Weeks before Prince William and Kate Middleton are to wed, a New Zealand commemorative stamp has marked their union in a rather awkward way — by approving their split.
The separation would be via a perforated line dividing a photo of the couple. The stamp tears apart so each half of the engagement portrait can serve as its own individual stamp.
The ominous New Zealand Post design has been branded "bizarre" and "embarrassing" by Hugh Jefferies, the editor of Gibbons Stamp Monthly, noting it's also strange that each side of the stamp bears a different price.

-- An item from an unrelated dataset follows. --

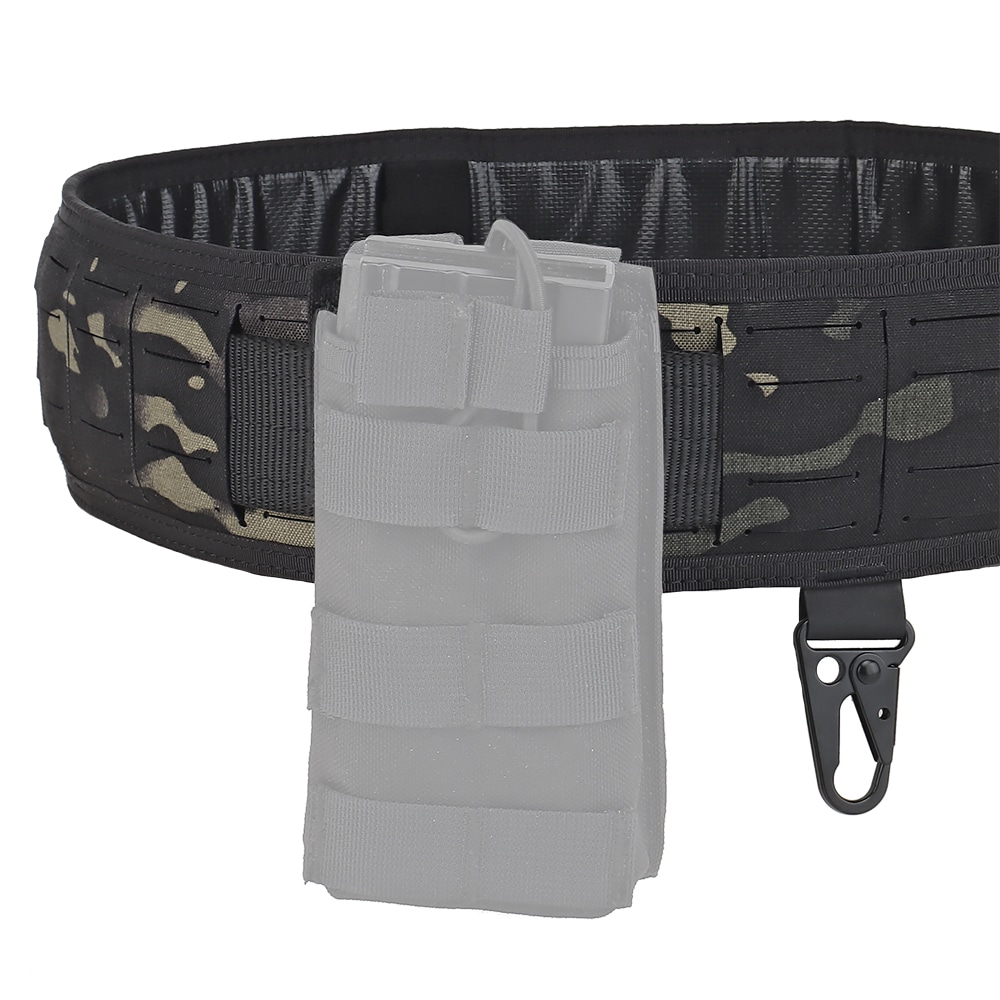 WOSPORT TREX ORIONタイプ レーザーカット ピストルベルト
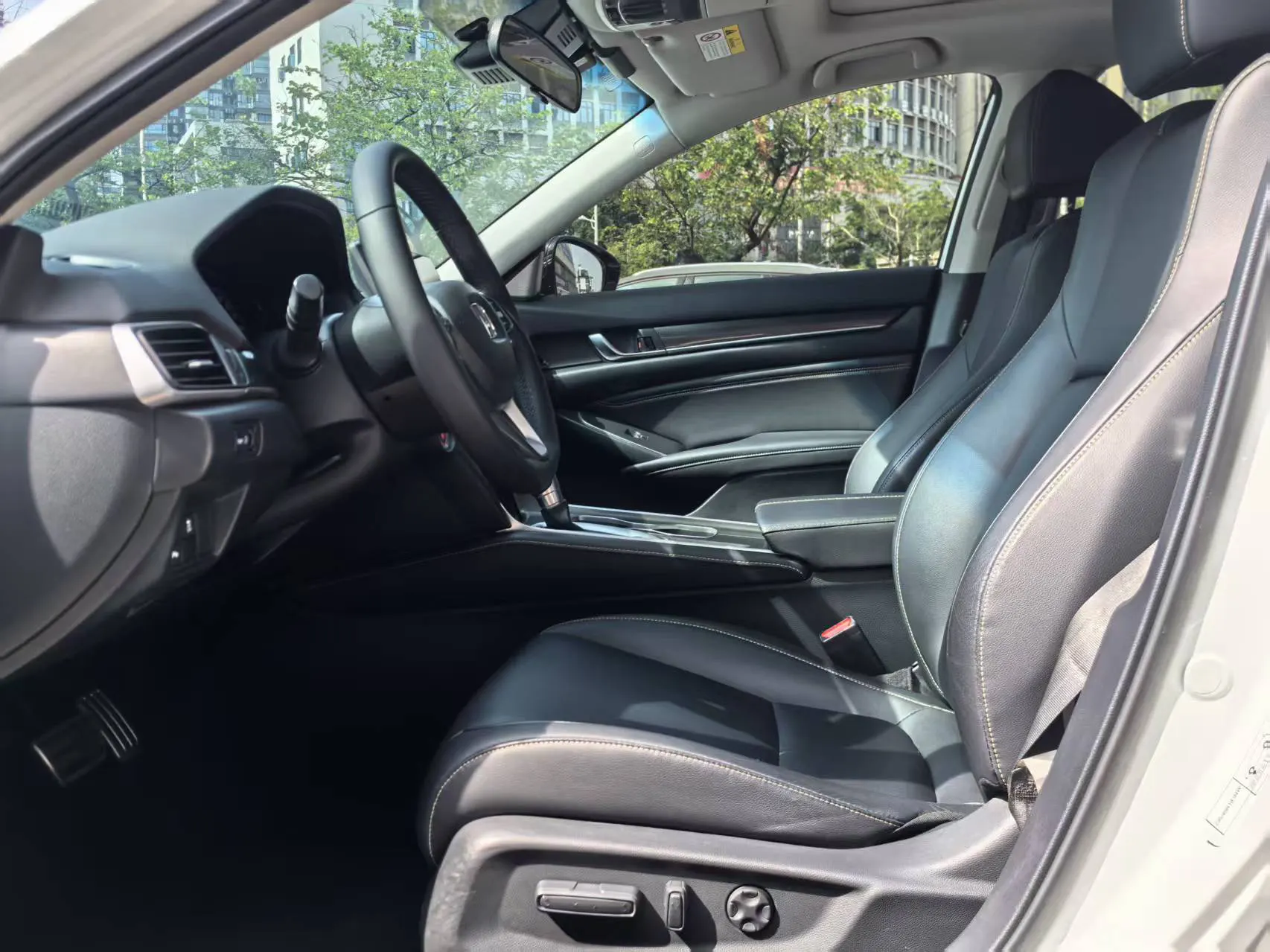 Honda Accord, 2023 16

While they are valued at 5.80 NZD ($4.25 Cdn.) printed together, William's side of the stamp is worth 3.40 NZD ($2.49) and Middleton's lone stamp comes out to a more modest 2.40 NZD ($1.76).

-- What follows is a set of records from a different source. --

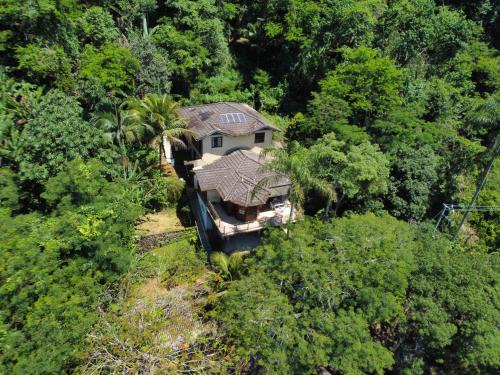 Ilha Grande Casa | Chalé da Tartaruga Ilha Grande Angra Beira do Mar
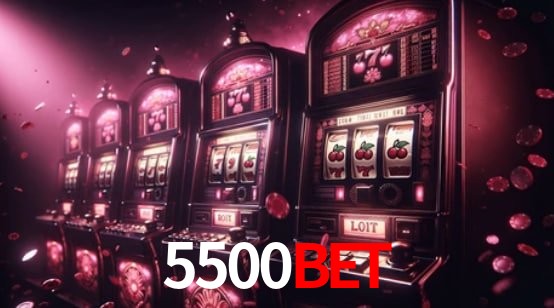 Interface Premium 5500Bet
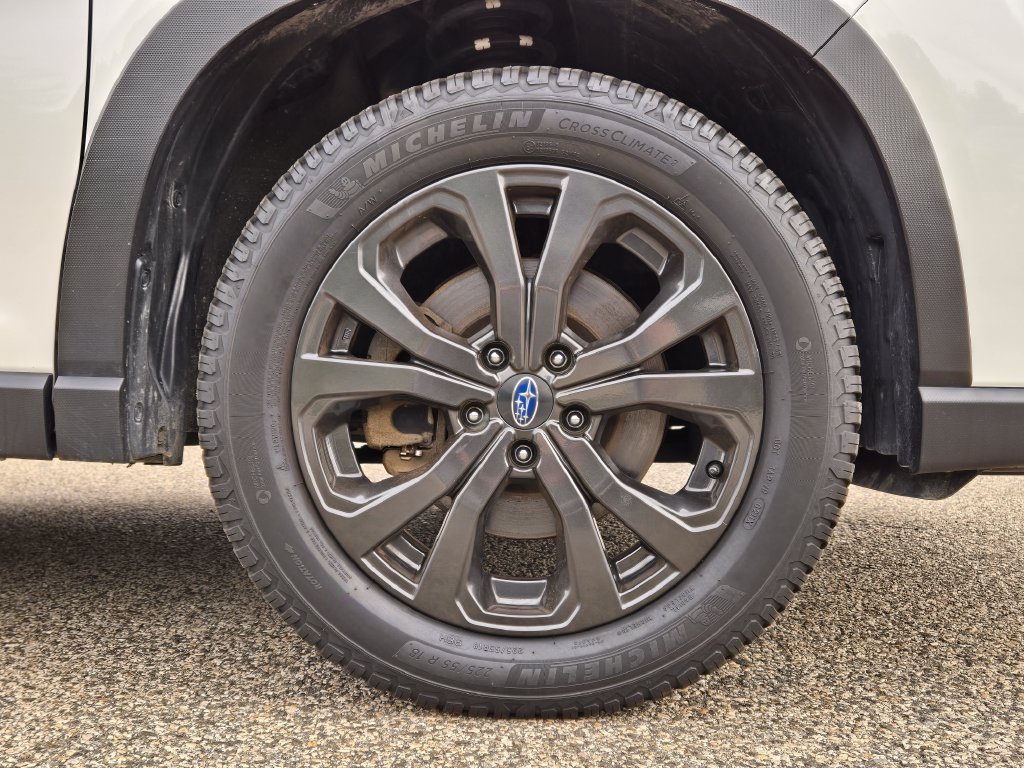 Used 2022 Subaru Forester Sport AWD/4WD image 10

Royal stamp mishaps nothing new
Royal stamps suggesting a soon-to-be-wed couple's separation are not new, according to Jefferies.
In the lead-up to the 1981 wedding between Prince Charles and Lady Diana, Jefferies said, Australia's postal service released a royal stamp showing Charles and Diana turned away from one another. The design caused much criticism.

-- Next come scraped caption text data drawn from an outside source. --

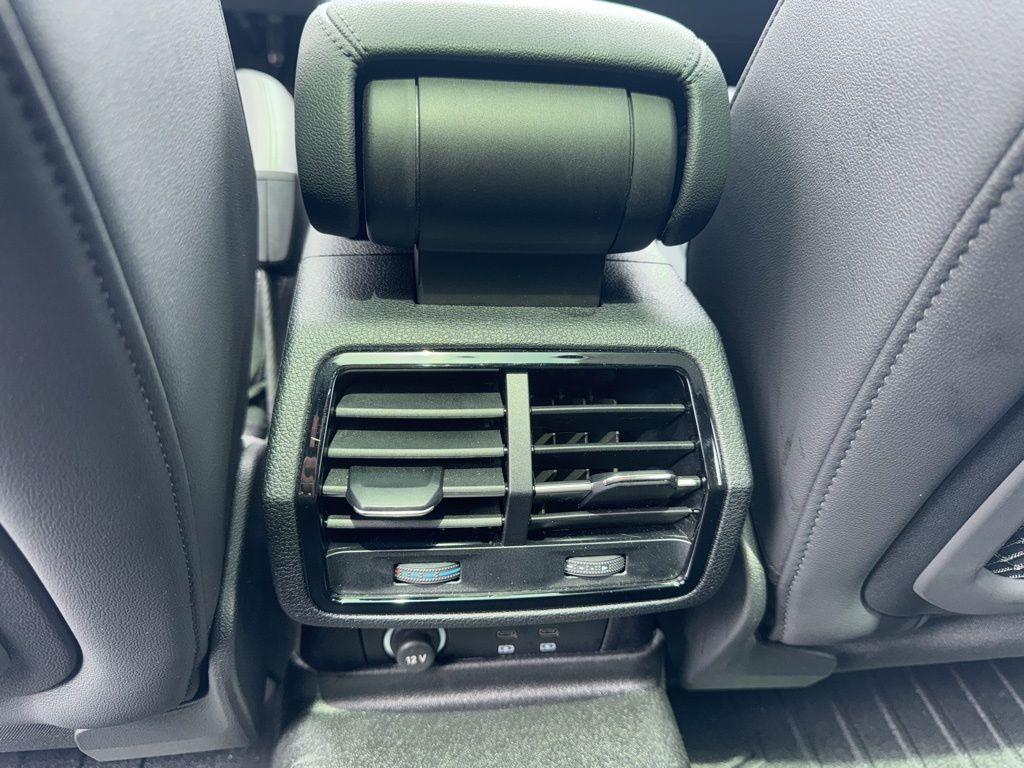 used 2024 Audi Q3 car
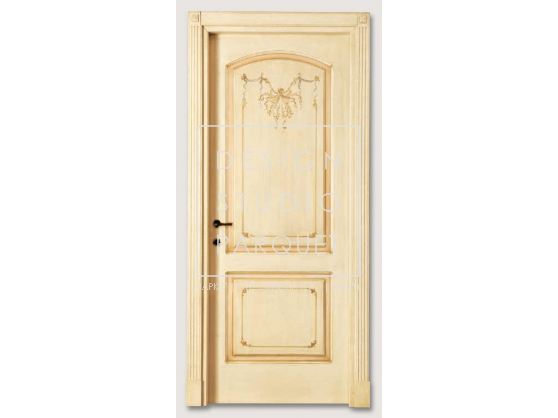 Межкомнатная дверь New Design Porte '700 S.CANTOSI 722C/QQ/A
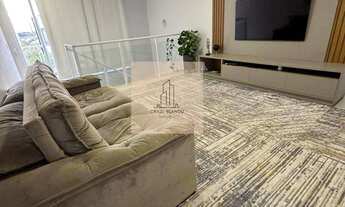 Imagem 6: Casa de condomínio para alugar, no Condomínio Alphaville Nova Esplanada, em Votorantim, co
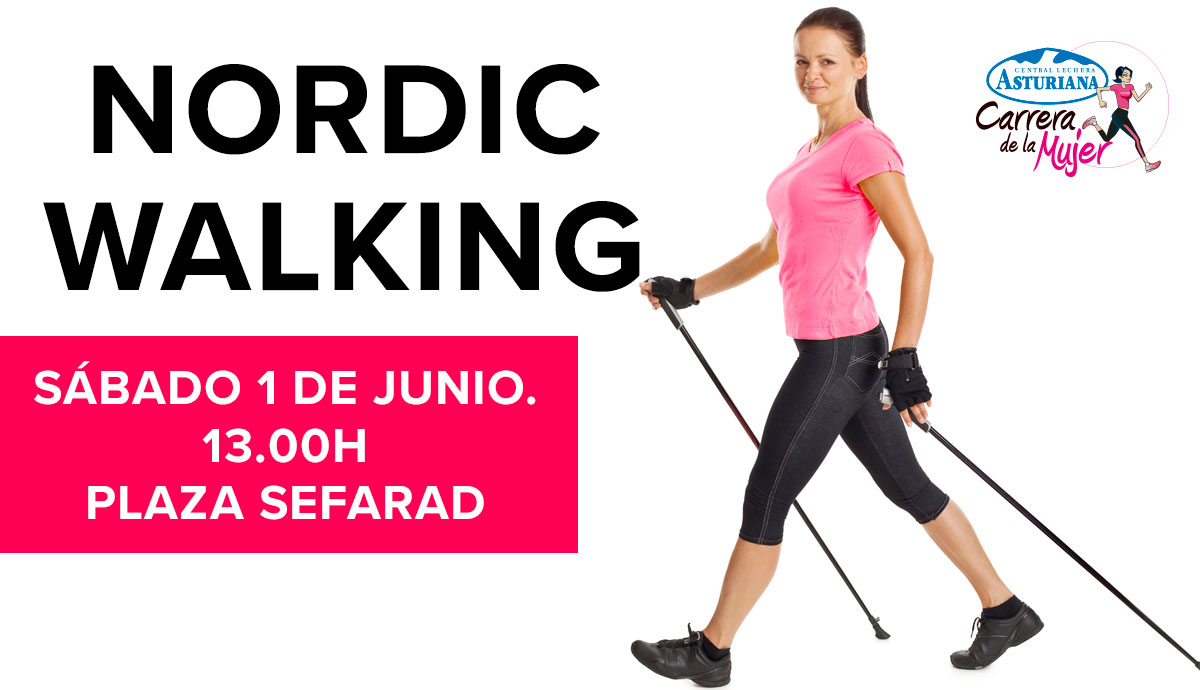 ¡En Vitoria-Gasteiz también tendremos una mañana de sábado repleta de actividades! @zumba @rcjumps y Nordic Walking carreradelamujer.com/muj-noticia-vi…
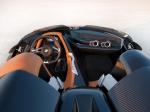 BMW 328 Hommage Concept 2011 года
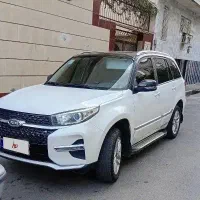 X33s/1399/AT Gear|خودرو سواری و وانت|گرگان, |دیوار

"Whoever designed this will have egg on their face and someone's head will roll," Jefferies told Britain's Telegraph newspaper.
At the very least, he said, collectors will be delighted to add the unusual item to their books.
It wouldn't be New Zealand Post's first printing faux-pas involving the 2011 Royal Wedding stamp pack. The state-owned postal service recently featured the wrong birth date for Prince William on cover sheets for collectors'-edition stamp sheets. The presentation text said William was born May 21, 1982, when his birthday was in fact June 21. The packs were later recalled.
Buckingham Palace must approve of stamp designs featuring the royal couple, Jefferies said. In the case of the split stamp, Jefferies said he wouldn't be surprised if Buckingham Palace had been shown the design without the controversial perforated line.